Listen my children and you shall hear
Of the midnight ride of Paul Revere,
On the eighteenth of April, in Seventy-five;
Hardly a man is now alive
Who remembers that famous day and year.
He said to his friend, "If the British march
By land or sea from the town to-night,
Hang a lantern aloft in the belfry arch
Of the North Church tower as a signal light,--
One if by land, and two if by sea;
And I on the opposite shore will be,
Ready to ride and spread the alarm
Through every Middlesex village and farm,
For the country folk to be up and to arm."

Many of you will recognize this as the first stanza of The Midnight Ride of Paul Revere, by Henry Wadsworth Longfellow. To me I remember it as one of the special benefits of having my Father as a teacher.

I went to a very small school (there were 49 in my graduating class) in southern rural Michigan. My Dad had been a teacher at that school since the year I was born. My Grandfather was a Preacher and the County Commissioner, my other Grandfather had been a blacksmith in town, and my Great Grandfather had built the flour mill in the next village. Many of the kids in my class had similarly deep roots in that town. Newcomers were those whose parents had not been born there.

This town during the mid 40’s to early 60’s when I was growing up could have come straight out of a Norman Rockwell painting, at least on the surface. My Dad saw the world was changing and everyone, especially the kids he was teaching were growing up in a world very different than the one he knew. His hope was that ‘his kids’ would be able to walk into that new world armed with all the skills and knowledge he could give them. No longer was knowing how to farm or run the family business in town going to be enough. His kids, if he had anything to say about it, would be as well rounded and ready to learn and adapt to what ever may come as any kid from a big city.

One of his innovations was a class for the Ninth Graders (Freshmen) that he called Sociology. I have tried for years to think of a better name for that class, since it had nothing to do with the Sociology classes I took in college. What this class did was teach life skills – those that we would need to go out in the world, and those skills which Dad considered important but were not taught elsewhere.

There was one class where he taught ‘Table Manners’. Not the keep your elbows off the table and don’t comb your hair at the table kind of manners which he assumed that their parents had taught, but what to do when you find yourself as a real Formal Dinner. . .which fork to use, and what all those plates and glasses are for. Another time he showed a short movie of a ballerina and then showed game films of the football game. That class was connecting the athletic skill, grace and body mechanics in common to both endeavors. We never knew what was going to be the lesson or the presentation when we walked into class. To say the syllabus was eclectic would be to say a rainbow is just colorful.

One Monday we walked into class and on his desk was a human skull – and Dad was not in the room as he usually was.
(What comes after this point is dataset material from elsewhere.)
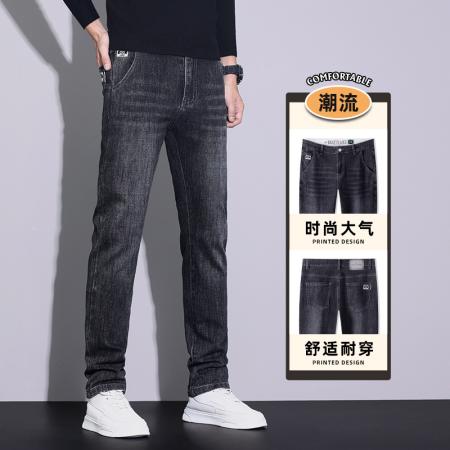 FA39751# 秋季新款牛仔裤男士宽松直筒大码弹力休闲修身长裤子男春秋 服装批发男装批发男士服饰批发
I KNEW what was coming: Dad never let me know ahead of the class what was being taught, nor gave me extra help at home – if I needed help with homework from any of his classes, I had to go to Mom. He was way too careful not to show favoritism to me. There was a rule in his class – no chewing gum – I was the ONLY student who ever had to stay in the room during lunch hour for chewing gum. But I digress. The skull on the desk meant one thing – he was going to totally embarrass me.
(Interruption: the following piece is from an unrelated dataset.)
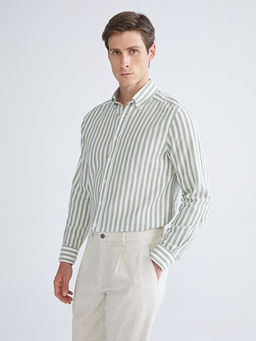 Regular Fit Uzun Kollu ?izgili Erkek G?mlek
That day, Dad walked into class after the bell had rung – walked up to the desk and sat on one corner, looking at the skull, he said:

That skull had a tongue in it, and could sing once:
how the knave jowls it to the ground, as if it were
Cain's jaw-bone, that did the first murder! It
might be the pate of a politician, which this ass
now o'er-reaches; one that would circumvent God,
might it not?
. . .
Or of a courtier; which could say 'Good morrow,
sweet lord! How dost thou, good lord?' This might
be my lord such-a-one, that praised my lord
such-a-one's horse, when he meant to beg it; might it not?
. . .
Why, e'en so: and now my Lady Worm's; chapless, and
knocked about the mazzard with a sexton's spade:
here's fine revolution, an we had the trick to
see't. Did these bones cost no more the breeding,
but to play at loggats with 'em? mine ache to think on't.
. . .
There's another: why may not that be the skull of a
lawyer? Where be his quiddities now, his quillets,
his cases, his tenures, and his tricks? why does he
suffer this rude knave now to knock him about the
sconce with a dirty shovel, and will not tell him of
his action of battery? Hum! This fellow might be
in's time a great buyer of land, with his statutes,
his recognizances, his fines, his double vouchers,
his recoveries: is this the fine of his fines, and
the recovery of his recoveries, to have his fine
pate full of fine dirt? will his vouchers vouch him
no more of his purchases, and double ones too, than
the length and breadth of a pair of indentures? The
very conveyances of his lands will hardly lie in
this box; and must the inheritor himself have no more, ha?
. . .
This?
. . .
Let me see.
(Takes the skull)
Alas, poor Yorick! I knew him, Horatio: a fellow
of infinite jest, of most excellent fancy: he hath
borne me on his back a thousand times; and now, how
abhorred in my imagination it is! my gorge rims at
it. Here hung those lips that I have kissed I know
not how oft. Where be your gibes now? your
gambols? your songs? your flashes of merriment,
that were wont to set the table on a roar? Not one
now, to mock your own grinning? quite chap-fallen?
Now get you to my lady's chamber, and tell her, let
her paint an inch thick, to this favour she must
come; make her laugh at that. Prithee, Horatio, tell
me one thing.
. . .
Dost thou think Alexander looked o' this fashion i'
the earth?
. . .
And smelt so? pah!
(Puts down the skull)

The students were quiet – some recognized this as Hamlet’s words, but all of us felt the majesty of the work – this was our introduction to Shakespeare. And, to my astonishment, I was not embarrassed….I was in awe, I had no idea that my Dad could do something like that and how moving it was. He then explained that in college he needed to memorize this to join his Fraternity (TKE) and he was very lucky that his teachers had taught him, from the one room school where he started and continued through the very School we were now attending, the skill of memorization. He then began teaching the unit on memory and learning. We learned how to learn in that class – and then he gave us our assignment.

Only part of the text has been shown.